WHAT THE TASK REQUIRES —
When a record contains an image, skip the image and retype the rest of that record exactly.

[Dataset excerpts]

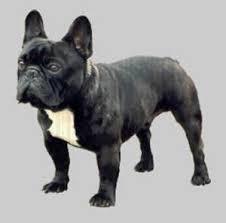 Servee v.D. mestreechteneerkes | French Bulldog 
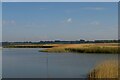 TM3957 : River Alde downstream of Snape by Christopher Hilton
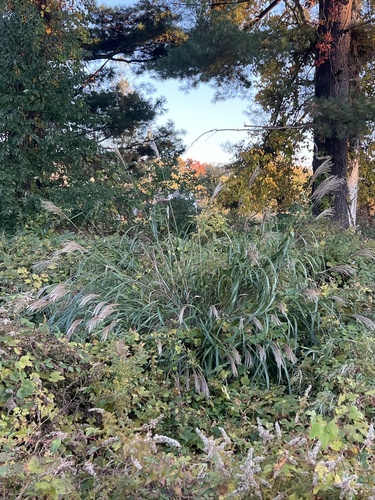Miscanthus sinensis observed 2026-10-26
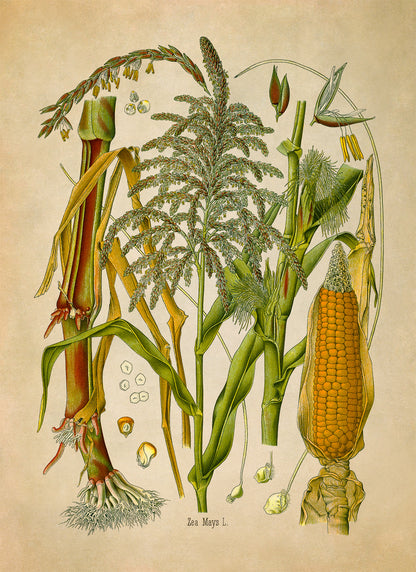 Corn Plant Botanical Illustration Print, MOBO280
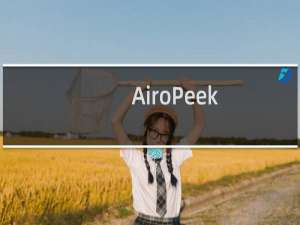 【AiroPeek（无线局域网分析工具）】免费AiroPeek（无线局域网分析工具）软件下载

EXERCISE RESULT —
 Servee v.D. mestreechteneerkes | French Bulldog 
 TM3957 : River Alde downstream of Snape by Christopher Hilton
Miscanthus sinensis observed 2026-10-26
 Corn Plant Botanical Illustration Print, MOBO280
 【AiroPeek（无线局域网分析工具）】免费AiroPeek（无线局域网分析工具）软件下载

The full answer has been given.